Quel lien avec les concepts de réel et de virtuel, pourrait-on demander ? C’est la question du numérique qui me pousse à invoquer ce couple de notions. Bien qu’ils mériteraient à eux seuls un article (voire beaucoup plus) d’explicitation conceptuelle, je les prendrai ici dans leur sens courant (et insuffisant). Le réel est le monde spatial et physique dans lequel s’inscrivent nos corps. Le virtuel est cette sorte de brèche numérique ouverte techniquement sur un « au-delà » du physique où nous pouvons à peu près tout simuler informatiquement. Les questions qui m’occupent l’esprit depuis ce matin sont les suivantes : le virtuel est-il foncièrement opposé à la terrestralité ? La société urbaine et numérique actuelle ne nous conduit-elle pas à considérer qu’un mail a autant voire plus de réalité que le souffle du vent dans notre cou[4] ? Doit-on se résoudre à être de plus en plus coupés du monde à mesure que le numérique progresse ? Ou, au contraire, peut-on imaginer physionumérique, c’est-à-dire un numérique qui ne nous déracine pas de notre terrestralité ? Faut-il imaginer cette alliance du physique et du numérique comme une hybridation interne au phénomène numérique lui-même ou externe, comme semblent le proposer les villes « éco-intelligentes » ?

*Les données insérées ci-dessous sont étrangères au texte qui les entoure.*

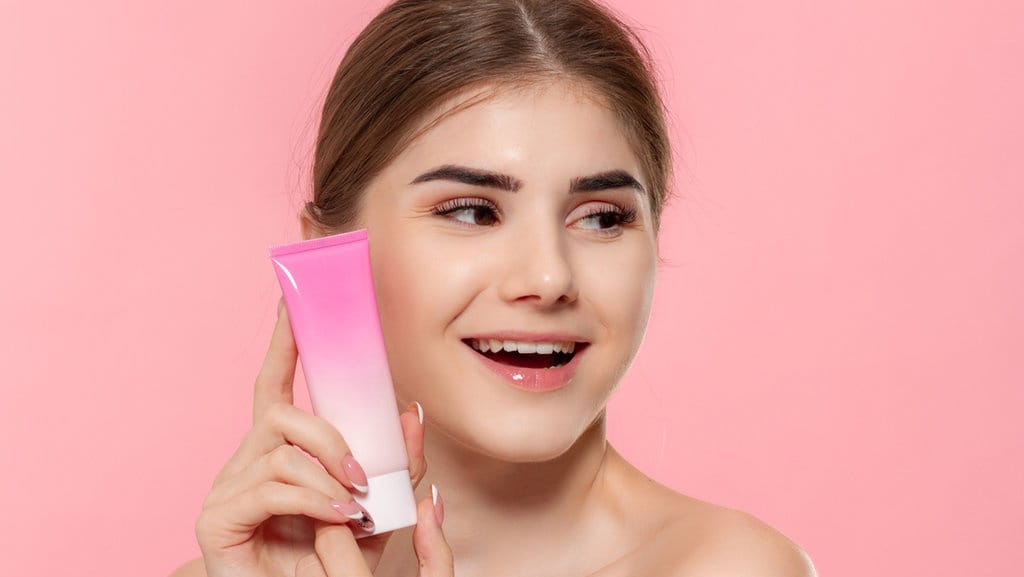 10 Kandungan Skincare untuk Kulit Kering dan Kusam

Au final, le courant d’air m’aura soufflé plus de questions que de réponses ; mais une question est toujours un bon début.
Julien De Sanctis
Cet article a été initialement publié sur La Pause Philo
Crédit photo : Chesterton Mill at Twilight, Richard Walker Photography
[1] Il y a d’ailleurs fort à parier que la pluie soit l’une des expériences les plus révélatrice de la terrestralité en ce qu’elle produit un contact manifeste -car impactant au sens propre- avec le monde.
[2] La terrestralité n’est donc pas un concept d’écologie profonde.

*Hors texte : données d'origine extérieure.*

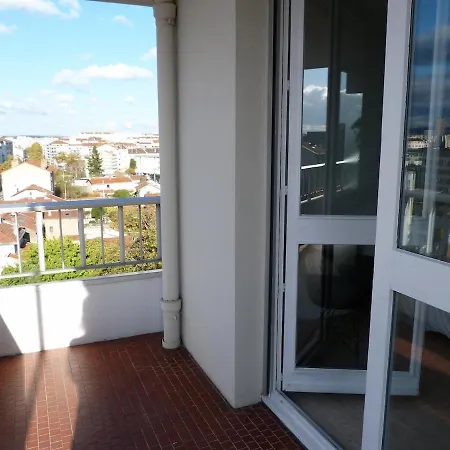 Cazeneuve Lumiere Apartmán *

[3] Notre expérience du monde terrestre n’est pas uniquement celle de la beauté et de l’harmonie, loin de là ; mais ici, je me concentrerai sur la terrestralité comme concept positif.
[4] En réalité, aucun n’est plus réel que l’autre. Chacun appartient à un régime de réalité différent. Il appartient à la philosophie de caractériser ces régimes pour les individuer puis révéler leurs vertus et leurs travers.